Saying Young Earth Creationism is a recent notion or a recent thing of modern times is the same as saying America was found in 15th century by Columbus and hence referring to the Continent between Atlantic and Pacific before 15th century as America is anachronistic because it was not found until 1492 by Christopher Columbus.

Jesus was not the meta-infinite, meta-eternal Second Person of the Holy and Undivided Trinity collapsed in to a supernatural sperm, once and for all space-times.

And if He absurdly were, why would He bring a fundamentalist anti-science reactionary anachronistic worldview back from the future that hadn’t happened?

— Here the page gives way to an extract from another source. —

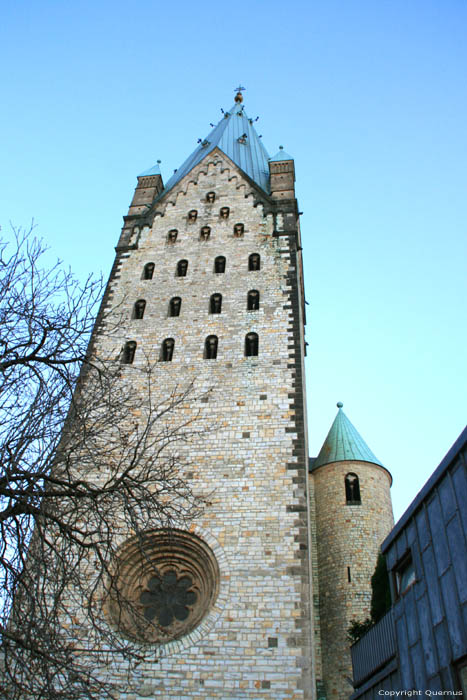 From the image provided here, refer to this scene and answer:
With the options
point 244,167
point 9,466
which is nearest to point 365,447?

Absurdity upon absurdity upon absurdity.

For me: He is the infinite, eternal Second Person of the Holy Trinity, Lord and Savior, God Himself incarnated into Human flesh, and now seated at the Right Hand of the Father.

God didn’t create the Universe instantaneously as how it might seem from the Book of Genesis because He is all consistent.

Why didn’t Christ foretell about this controversy (YEC vs Evolution Theory)?

Didn’t Christ know already if such a big controversy would arise in the future?

Or, in more general terms: why didn’t Christ mention something like saying about Quarks or the Atomic Nuclei or Gravitational force or anything miraculous that will draw billions of people or probably the majority of mankind to come to Him?

Or, in further more general terms: why God chose the incarnation to happen in the first century AD instead of in the year 2021 so people can take pictures of him being resurrected and ascended to heaven and billions of people would come to Him?

These are the questions that I don’t know what the answers would be.

Thanks

It seems to me that you, @Klax, don’t believe that Lord Jesus Christ was resurrected from the death and ascended to the Heaven.

I don’t know how can people who do not believe in the historicity of resurrection and ascension be classified as Christian. But, most of the Swiss and many of the Pastors here do not - I’ve lived in Geneva Switzerland for more than 3 years, now.

With all due respect, I believe that literal belief in the Nicene Creed which includes Christ resurrection and ascension as the necessary requirement of Christian faith.